While Detroit 3 carmakers – General Motors, Ford and Chrysler – are overhauling and revamping their full-sized pickup offering, the same could not be said for Toyota, which is introducing a reengineered yet little-tweaked 2014 Tundra. While some may wonder and criticize Toyota for taking a conservative approach for its pickup product, the Japanese carmaker is just taking some cues from a lesson learned in the past.
In 2007, Toyota introduced a redesigned Tundra powered by a new family of V-8 engines that dictate the tempo for technology and fuel economy in the pickup segment. The Japanese also opened a $2.2-billion site in San Antonio, Texas that could build 200,000 units annually, with ample space for expansion.

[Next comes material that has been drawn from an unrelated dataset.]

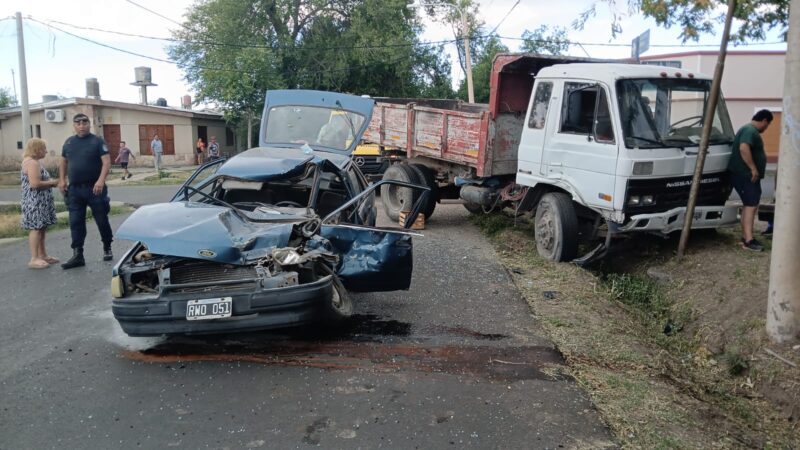 Herido luego de colisionar contra un camión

But then, the vaunted economy of the United States collapsed and shrunk to recession, causing sales of full-sized pickup sales in the country sank almost 50 percent. The wager Toyota has made on the US pickup market failed big time. Since then, expectations for the Toyota Tundra have been lower – something that is visible with the 2014 model.
While Ram and GM’s reengineered pickups as well as Ford’s replacement for its F-150 will receive new platforms and powertrains, the Toyota Tundra only boasts of minor tweaks.
The Tundra is still powered by any of the three engine offerings: a 4.0-liter V-6 and 4.6-liter and 5.7-liter V-8s. The V-6 is still paired to a five-speed automatic gearbox, while the V-8s is still mated to six-speed automatic transmissions.
Instead, Toyota has hiked the equipment levels for the Tundra, adding more luxurious trim packages in a bid to raise transaction price. The Japanese carmaker may sell fewer Tundras, but it could make a larger profit on each one.
Although the Tundra is shorter than comparable trim levels of the new Ram and Chevrolet Silverado, it boasts of having the best approach angle, an attribute sought for by ranchers and off-roaders. Despite a carried over suspension design, the Tundra features a modified valving in all four shock absorbers as well as an adjusted spring rate on the rear leaf springs.